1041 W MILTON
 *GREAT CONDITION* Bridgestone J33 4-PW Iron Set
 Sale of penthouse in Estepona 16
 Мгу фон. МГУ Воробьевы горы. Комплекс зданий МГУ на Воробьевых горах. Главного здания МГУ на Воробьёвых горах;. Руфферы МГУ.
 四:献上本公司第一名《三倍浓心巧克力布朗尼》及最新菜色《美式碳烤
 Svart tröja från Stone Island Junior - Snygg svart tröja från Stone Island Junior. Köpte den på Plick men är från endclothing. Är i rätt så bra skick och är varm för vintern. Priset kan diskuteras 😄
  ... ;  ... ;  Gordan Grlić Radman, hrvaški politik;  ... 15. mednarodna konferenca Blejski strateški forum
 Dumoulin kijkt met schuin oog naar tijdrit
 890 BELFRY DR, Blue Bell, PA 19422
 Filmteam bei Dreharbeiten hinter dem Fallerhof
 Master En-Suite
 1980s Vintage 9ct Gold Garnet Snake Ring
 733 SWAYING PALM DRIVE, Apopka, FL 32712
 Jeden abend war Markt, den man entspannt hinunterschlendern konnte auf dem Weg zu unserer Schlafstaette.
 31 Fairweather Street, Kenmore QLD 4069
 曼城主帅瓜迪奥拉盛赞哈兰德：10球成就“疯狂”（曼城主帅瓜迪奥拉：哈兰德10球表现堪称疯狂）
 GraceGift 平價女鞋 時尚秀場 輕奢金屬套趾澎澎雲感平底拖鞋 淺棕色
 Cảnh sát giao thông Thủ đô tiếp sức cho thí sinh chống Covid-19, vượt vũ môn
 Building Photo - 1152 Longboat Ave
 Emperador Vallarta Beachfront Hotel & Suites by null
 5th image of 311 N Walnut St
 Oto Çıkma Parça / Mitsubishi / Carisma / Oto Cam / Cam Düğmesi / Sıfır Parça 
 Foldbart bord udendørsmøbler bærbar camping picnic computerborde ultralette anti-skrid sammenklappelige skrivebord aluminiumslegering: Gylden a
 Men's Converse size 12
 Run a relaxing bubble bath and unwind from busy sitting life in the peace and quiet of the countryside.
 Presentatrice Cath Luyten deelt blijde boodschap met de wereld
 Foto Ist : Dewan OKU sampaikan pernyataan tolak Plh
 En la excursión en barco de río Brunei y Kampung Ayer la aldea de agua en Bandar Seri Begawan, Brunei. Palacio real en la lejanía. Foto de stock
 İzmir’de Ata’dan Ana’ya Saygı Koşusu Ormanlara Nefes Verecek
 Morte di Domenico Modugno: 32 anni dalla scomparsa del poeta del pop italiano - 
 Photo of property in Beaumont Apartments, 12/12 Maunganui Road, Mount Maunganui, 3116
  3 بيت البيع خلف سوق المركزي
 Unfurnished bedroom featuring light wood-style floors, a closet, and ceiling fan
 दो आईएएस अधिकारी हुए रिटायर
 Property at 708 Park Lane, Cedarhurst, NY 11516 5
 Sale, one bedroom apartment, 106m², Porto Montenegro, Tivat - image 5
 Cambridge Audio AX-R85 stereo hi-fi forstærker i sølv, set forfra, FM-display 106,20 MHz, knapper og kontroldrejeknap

What this task involves: Exactly as given, please retype all the entries.

Your response:
1041 W MILTON
 *GREAT CONDITION* Bridgestone J33 4-PW Iron Set
 Sale of penthouse in Estepona 16
 Мгу фон. МГУ Воробьевы горы. Комплекс зданий МГУ на Воробьевых горах. Главного здания МГУ на Воробьёвых горах;. Руфферы МГУ.
 四:献上本公司第一名《三倍浓心巧克力布朗尼》及最新菜色《美式碳烤
 Svart tröja från Stone Island Junior - Snygg svart tröja från Stone Island Junior. Köpte den på Plick men är från endclothing. Är i rätt så bra skick och är varm för vintern. Priset kan diskuteras 😄
  ... ;  ... ;  Gordan Grlić Radman, hrvaški politik;  ... 15. mednarodna konferenca Blejski strateški forum
 Dumoulin kijkt met schuin oog naar tijdrit
 890 BELFRY DR, Blue Bell, PA 19422
 Filmteam bei Dreharbeiten hinter dem Fallerhof
 Master En-Suite
 1980s Vintage 9ct Gold Garnet Snake Ring
 733 SWAYING PALM DRIVE, Apopka, FL 32712
 Jeden abend war Markt, den man entspannt hinunterschlendern konnte auf dem Weg zu unserer Schlafstaette.
 31 Fairweather Street, Kenmore QLD 4069
 曼城主帅瓜迪奥拉盛赞哈兰德：10球成就“疯狂”（曼城主帅瓜迪奥拉：哈兰德10球表现堪称疯狂）
 GraceGift 平價女鞋 時尚秀場 輕奢金屬套趾澎澎雲感平底拖鞋 淺棕色
 Cảnh sát giao thông Thủ đô tiếp sức cho thí sinh chống Covid-19, vượt vũ môn
 Building Photo - 1152 Longboat Ave
 Emperador Vallarta Beachfront Hotel & Suites by null
 5th image of 311 N Walnut St
 Oto Çıkma Parça / Mitsubishi / Carisma / Oto Cam / Cam Düğmesi / Sıfır Parça 
 Foldbart bord udendørsmøbler bærbar camping picnic computerborde ultralette anti-skrid sammenklappelige skrivebord aluminiumslegering: Gylden a
 Men's Converse size 12
 Run a relaxing bubble bath and unwind from busy sitting life in the peace and quiet of the countryside.
 Presentatrice Cath Luyten deelt blijde boodschap met de wereld
 Foto Ist : Dewan OKU sampaikan pernyataan tolak Plh
 En la excursión en barco de río Brunei y Kampung Ayer la aldea de agua en Bandar Seri Begawan, Brunei. Palacio real en la lejanía. Foto de stock
 İzmir’de Ata’dan Ana’ya Saygı Koşusu Ormanlara Nefes Verecek
 Morte di Domenico Modugno: 32 anni dalla scomparsa del poeta del pop italiano - 
 Photo of property in Beaumont Apartments, 12/12 Maunganui Road, Mount Maunganui, 3116
  3 بيت البيع خلف سوق المركزي
 Unfurnished bedroom featuring light wood-style floors, a closet, and ceiling fan
 दो आईएएस अधिकारी हुए रिटायर
 Property at 708 Park Lane, Cedarhurst, NY 11516 5
 Sale, one bedroom apartment, 106m², Porto Montenegro, Tivat - image 5
 Cambridge Audio AX-R85 stereo hi-fi forstærker i sølv, set forfra, FM-display 106,20 MHz, knapper og kontroldrejeknap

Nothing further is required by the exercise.